-- EXTRACTED MATERIAL --
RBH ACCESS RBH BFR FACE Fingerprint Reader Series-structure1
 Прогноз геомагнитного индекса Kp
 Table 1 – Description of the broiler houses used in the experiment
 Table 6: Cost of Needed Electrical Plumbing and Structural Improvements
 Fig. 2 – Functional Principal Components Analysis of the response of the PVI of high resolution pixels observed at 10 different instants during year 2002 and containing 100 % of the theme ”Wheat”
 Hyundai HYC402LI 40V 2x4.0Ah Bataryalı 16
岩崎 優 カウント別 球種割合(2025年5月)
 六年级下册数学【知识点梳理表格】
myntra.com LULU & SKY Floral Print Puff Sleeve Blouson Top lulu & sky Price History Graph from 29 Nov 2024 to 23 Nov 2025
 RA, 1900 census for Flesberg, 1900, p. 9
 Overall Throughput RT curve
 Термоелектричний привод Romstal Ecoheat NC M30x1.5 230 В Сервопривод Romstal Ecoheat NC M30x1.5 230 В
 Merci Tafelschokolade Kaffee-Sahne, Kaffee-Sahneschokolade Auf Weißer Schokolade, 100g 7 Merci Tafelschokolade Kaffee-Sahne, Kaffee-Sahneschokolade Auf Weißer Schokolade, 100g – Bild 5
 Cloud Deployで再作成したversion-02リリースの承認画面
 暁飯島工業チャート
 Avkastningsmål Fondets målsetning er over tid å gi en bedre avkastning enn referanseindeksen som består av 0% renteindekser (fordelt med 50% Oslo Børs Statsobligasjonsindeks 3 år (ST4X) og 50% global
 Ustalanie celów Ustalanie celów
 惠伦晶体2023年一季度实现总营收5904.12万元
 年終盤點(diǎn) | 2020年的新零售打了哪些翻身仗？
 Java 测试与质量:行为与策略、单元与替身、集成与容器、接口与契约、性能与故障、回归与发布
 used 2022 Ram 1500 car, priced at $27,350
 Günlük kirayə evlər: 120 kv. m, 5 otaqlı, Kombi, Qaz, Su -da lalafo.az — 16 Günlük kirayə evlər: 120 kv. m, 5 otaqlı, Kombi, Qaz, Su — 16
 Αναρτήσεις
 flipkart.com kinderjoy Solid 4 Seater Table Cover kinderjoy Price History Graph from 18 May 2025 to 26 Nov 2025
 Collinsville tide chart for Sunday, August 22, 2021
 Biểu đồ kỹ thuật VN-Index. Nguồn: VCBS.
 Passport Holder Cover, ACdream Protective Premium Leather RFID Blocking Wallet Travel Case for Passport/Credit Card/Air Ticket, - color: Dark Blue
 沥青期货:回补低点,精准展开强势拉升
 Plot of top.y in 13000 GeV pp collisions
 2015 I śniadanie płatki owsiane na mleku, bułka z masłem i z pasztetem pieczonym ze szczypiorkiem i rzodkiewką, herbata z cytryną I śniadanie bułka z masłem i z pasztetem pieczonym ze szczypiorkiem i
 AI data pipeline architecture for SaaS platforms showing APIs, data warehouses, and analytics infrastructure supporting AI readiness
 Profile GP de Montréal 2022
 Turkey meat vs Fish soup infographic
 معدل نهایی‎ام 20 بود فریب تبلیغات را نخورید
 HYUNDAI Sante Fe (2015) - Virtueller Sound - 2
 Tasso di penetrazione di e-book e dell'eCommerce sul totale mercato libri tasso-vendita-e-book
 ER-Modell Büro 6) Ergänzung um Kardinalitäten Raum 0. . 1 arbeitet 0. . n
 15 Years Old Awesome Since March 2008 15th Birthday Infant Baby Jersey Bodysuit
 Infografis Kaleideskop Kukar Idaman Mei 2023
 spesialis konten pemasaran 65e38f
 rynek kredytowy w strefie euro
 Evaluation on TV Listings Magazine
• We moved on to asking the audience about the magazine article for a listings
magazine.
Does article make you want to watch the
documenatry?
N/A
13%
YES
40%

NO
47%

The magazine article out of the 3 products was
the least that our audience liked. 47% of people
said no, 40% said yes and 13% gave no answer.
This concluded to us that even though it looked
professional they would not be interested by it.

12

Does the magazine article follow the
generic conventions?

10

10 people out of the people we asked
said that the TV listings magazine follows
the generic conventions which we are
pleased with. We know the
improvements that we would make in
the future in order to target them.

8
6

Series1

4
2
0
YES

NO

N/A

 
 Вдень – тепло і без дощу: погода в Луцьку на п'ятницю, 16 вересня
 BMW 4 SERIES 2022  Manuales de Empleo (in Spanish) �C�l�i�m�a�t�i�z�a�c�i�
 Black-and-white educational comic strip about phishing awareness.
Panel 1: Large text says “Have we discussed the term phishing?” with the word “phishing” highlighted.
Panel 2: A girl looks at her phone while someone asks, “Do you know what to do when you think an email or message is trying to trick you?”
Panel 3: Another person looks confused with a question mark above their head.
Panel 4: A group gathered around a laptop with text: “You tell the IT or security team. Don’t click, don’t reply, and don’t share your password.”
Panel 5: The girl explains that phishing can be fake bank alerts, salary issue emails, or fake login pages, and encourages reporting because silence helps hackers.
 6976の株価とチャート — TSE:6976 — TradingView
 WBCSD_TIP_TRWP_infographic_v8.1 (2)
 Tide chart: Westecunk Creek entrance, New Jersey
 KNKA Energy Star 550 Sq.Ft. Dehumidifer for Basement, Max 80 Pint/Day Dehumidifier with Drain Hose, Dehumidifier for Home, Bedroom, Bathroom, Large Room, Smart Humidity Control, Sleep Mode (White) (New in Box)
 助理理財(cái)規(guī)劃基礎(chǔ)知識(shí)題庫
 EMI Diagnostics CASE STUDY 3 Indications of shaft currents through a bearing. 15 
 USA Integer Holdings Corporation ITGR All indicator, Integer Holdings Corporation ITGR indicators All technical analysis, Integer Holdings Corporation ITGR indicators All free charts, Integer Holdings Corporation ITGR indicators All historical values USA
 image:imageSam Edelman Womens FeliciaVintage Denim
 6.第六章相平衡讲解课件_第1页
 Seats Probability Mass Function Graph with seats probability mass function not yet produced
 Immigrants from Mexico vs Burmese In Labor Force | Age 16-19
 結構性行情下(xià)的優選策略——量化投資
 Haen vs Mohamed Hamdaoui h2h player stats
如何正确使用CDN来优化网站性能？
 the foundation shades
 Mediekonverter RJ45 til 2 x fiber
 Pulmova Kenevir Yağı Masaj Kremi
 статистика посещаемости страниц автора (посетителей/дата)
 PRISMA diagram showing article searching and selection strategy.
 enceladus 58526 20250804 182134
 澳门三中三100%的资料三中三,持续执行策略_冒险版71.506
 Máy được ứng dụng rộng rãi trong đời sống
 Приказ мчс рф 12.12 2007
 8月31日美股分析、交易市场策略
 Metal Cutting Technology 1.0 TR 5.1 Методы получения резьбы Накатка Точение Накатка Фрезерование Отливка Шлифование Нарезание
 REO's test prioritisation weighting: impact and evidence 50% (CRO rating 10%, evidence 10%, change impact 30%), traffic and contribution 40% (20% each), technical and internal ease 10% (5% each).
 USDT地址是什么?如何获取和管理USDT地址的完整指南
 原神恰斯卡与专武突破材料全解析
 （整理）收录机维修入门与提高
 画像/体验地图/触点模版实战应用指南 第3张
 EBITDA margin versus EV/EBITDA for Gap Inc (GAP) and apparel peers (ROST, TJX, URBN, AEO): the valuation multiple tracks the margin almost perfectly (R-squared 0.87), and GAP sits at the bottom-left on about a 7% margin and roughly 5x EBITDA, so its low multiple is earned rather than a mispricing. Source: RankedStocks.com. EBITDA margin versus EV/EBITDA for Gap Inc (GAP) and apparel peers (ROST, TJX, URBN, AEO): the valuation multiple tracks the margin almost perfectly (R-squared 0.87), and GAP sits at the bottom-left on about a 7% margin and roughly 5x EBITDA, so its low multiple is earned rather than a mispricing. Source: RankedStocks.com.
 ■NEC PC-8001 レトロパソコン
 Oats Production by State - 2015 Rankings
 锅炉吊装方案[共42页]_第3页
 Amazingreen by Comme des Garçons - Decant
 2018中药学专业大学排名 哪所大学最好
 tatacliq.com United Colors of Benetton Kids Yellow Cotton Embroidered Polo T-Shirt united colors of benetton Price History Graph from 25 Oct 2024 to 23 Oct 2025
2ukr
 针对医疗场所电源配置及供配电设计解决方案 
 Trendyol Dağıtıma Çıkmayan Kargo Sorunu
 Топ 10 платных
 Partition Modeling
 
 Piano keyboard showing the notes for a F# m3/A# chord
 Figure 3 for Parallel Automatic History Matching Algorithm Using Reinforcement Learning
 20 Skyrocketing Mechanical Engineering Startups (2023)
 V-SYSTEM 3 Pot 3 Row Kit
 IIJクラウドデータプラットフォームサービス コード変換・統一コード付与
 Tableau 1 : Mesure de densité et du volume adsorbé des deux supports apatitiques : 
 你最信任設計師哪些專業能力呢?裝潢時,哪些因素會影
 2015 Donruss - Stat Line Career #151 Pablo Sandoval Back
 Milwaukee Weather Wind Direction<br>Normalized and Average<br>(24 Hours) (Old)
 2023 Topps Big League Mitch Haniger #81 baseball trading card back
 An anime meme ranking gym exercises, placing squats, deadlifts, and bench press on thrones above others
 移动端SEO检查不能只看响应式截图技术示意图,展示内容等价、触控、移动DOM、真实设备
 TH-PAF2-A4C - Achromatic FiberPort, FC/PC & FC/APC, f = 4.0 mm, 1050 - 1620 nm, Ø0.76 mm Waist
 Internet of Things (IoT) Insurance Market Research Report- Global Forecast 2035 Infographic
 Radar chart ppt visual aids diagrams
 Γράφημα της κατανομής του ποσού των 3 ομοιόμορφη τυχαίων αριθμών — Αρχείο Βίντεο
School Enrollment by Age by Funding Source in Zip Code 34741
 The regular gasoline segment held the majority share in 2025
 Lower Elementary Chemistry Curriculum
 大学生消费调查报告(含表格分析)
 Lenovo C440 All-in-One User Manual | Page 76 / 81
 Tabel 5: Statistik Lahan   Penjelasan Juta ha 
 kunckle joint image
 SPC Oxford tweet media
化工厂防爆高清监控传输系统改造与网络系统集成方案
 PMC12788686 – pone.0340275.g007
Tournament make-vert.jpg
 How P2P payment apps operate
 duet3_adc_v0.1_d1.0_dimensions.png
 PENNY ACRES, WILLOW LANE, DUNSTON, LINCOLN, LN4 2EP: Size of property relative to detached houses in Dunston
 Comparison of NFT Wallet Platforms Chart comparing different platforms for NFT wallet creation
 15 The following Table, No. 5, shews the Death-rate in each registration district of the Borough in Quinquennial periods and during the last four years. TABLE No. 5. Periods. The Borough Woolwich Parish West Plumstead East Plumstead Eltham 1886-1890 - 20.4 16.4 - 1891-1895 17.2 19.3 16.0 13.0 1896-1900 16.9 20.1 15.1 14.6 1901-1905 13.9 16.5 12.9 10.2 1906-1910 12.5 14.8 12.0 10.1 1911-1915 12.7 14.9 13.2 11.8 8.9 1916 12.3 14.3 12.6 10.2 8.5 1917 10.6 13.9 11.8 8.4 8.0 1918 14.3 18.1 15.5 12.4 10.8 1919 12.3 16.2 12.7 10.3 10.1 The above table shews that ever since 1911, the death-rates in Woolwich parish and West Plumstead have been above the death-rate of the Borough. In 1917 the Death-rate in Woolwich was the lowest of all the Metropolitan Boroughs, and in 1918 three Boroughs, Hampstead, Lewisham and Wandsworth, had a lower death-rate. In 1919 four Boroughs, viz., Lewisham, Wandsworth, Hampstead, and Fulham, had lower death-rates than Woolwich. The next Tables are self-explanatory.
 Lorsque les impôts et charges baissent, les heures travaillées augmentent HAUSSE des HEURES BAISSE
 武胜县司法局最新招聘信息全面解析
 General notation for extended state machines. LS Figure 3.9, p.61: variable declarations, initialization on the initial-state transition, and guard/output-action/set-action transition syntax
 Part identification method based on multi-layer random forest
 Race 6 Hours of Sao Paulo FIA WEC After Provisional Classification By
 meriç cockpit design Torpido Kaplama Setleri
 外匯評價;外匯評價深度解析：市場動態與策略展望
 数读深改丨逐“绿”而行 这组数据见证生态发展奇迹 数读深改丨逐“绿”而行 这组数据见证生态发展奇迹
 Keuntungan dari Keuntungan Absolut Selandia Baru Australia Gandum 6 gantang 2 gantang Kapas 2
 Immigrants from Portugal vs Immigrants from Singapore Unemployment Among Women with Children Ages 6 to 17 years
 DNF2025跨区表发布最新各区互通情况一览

-- EXERCISE DIRECTIONS --
Look back at the entries above and repeat, unchanged, every line from the line holding "Partition Modeling" through the line holding "移动端SEO检查不能只看响应".

-- SOLUTION --
 Partition Modeling
 
 Piano keyboard showing the notes for a F# m3/A# chord
 Figure 3 for Parallel Automatic History Matching Algorithm Using Reinforcement Learning
 20 Skyrocketing Mechanical Engineering Startups (2023)
 V-SYSTEM 3 Pot 3 Row Kit
 IIJクラウドデータプラットフォームサービス コード変換・統一コード付与
 Tableau 1 : Mesure de densité et du volume adsorbé des deux supports apatitiques : 
 你最信任設計師哪些專業能力呢?裝潢時,哪些因素會影
 2015 Donruss - Stat Line Career #151 Pablo Sandoval Back
 Milwaukee Weather Wind Direction<br>Normalized and Average<br>(24 Hours) (Old)
 2023 Topps Big League Mitch Haniger #81 baseball trading card back
 An anime meme ranking gym exercises, placing squats, deadlifts, and bench press on thrones above others
 移动端SEO检查不能只看响应式截图技术示意图,展示内容等价、触控、移动DOM、真实设备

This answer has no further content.